**What is expected**
From the entries below, please output exactly the lines starting at the one containing "Wooden table of" and ending at the one containing "Stainless Steel 2", both included.

(Dataset items)
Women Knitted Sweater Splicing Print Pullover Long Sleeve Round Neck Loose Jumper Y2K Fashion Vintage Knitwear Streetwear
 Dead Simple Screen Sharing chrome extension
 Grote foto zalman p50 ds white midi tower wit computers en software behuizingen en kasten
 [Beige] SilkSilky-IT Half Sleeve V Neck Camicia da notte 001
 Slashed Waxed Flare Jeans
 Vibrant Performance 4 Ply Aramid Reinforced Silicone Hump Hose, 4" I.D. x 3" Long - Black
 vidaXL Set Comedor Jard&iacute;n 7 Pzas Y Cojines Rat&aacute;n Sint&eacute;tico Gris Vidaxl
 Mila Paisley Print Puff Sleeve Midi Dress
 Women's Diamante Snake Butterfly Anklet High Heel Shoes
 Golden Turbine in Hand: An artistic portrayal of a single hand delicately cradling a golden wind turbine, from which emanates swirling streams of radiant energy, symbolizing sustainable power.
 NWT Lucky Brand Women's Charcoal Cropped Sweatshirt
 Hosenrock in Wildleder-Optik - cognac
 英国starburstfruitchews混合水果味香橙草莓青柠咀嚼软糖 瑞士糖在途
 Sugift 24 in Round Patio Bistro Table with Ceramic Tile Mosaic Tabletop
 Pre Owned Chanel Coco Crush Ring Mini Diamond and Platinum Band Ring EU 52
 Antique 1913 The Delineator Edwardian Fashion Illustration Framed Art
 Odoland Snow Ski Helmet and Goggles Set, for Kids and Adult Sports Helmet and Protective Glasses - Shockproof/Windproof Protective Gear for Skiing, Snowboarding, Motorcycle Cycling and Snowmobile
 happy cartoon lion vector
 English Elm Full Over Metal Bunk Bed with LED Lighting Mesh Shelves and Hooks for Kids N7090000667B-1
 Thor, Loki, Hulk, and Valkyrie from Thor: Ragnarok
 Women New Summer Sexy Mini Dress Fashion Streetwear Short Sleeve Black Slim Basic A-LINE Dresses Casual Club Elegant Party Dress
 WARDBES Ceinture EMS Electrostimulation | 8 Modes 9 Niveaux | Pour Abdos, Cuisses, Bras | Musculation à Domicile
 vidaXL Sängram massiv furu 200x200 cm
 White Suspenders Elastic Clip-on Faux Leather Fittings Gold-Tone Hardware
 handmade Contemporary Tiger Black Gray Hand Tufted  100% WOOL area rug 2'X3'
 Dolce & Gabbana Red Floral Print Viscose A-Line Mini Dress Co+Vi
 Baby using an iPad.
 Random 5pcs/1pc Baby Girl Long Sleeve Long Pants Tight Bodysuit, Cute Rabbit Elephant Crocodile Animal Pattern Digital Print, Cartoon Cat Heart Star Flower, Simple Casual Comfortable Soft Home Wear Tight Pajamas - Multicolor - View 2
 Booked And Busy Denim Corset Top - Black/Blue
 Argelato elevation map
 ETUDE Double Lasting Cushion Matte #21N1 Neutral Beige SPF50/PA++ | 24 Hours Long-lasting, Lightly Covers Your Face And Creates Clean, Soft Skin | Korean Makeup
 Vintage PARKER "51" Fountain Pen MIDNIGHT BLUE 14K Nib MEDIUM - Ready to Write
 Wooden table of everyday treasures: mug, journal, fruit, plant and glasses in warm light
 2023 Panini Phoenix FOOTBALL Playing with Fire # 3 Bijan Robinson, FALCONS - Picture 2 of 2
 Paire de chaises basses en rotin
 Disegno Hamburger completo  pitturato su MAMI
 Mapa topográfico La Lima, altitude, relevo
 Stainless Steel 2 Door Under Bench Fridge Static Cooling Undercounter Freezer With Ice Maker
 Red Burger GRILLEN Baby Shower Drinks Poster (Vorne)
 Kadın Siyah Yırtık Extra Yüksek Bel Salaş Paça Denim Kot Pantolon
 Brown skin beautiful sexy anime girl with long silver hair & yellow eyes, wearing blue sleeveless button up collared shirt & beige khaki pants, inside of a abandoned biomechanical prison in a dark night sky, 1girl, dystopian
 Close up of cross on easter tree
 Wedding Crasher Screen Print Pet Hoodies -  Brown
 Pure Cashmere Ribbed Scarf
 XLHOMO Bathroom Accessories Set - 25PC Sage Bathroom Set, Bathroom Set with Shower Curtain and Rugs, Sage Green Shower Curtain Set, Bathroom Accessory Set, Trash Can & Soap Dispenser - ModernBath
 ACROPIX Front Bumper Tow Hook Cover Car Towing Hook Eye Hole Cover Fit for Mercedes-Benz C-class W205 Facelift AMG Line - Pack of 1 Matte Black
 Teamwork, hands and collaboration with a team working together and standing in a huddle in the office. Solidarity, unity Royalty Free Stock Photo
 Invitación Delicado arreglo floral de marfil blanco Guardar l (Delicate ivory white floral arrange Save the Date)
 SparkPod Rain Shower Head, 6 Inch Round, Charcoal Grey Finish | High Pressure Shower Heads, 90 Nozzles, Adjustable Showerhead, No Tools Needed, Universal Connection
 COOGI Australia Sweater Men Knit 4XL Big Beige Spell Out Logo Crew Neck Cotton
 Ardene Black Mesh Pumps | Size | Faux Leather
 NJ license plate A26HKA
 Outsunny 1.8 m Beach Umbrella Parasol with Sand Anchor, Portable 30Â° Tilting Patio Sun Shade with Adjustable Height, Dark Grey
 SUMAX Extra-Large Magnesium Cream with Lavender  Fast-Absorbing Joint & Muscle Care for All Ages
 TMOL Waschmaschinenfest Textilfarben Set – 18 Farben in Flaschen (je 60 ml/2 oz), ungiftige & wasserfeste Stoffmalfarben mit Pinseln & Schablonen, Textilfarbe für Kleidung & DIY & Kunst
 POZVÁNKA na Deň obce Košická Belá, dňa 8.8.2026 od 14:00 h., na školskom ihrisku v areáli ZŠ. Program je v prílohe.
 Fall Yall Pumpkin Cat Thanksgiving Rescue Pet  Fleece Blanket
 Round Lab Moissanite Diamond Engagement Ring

**Result**
 Wooden table of everyday treasures: mug, journal, fruit, plant and glasses in warm light
 2023 Panini Phoenix FOOTBALL Playing with Fire # 3 Bijan Robinson, FALCONS - Picture 2 of 2
 Paire de chaises basses en rotin
 Disegno Hamburger completo  pitturato su MAMI
 Mapa topográfico La Lima, altitude, relevo
 Stainless Steel 2 Door Under Bench Fridge Static Cooling Undercounter Freezer With Ice Maker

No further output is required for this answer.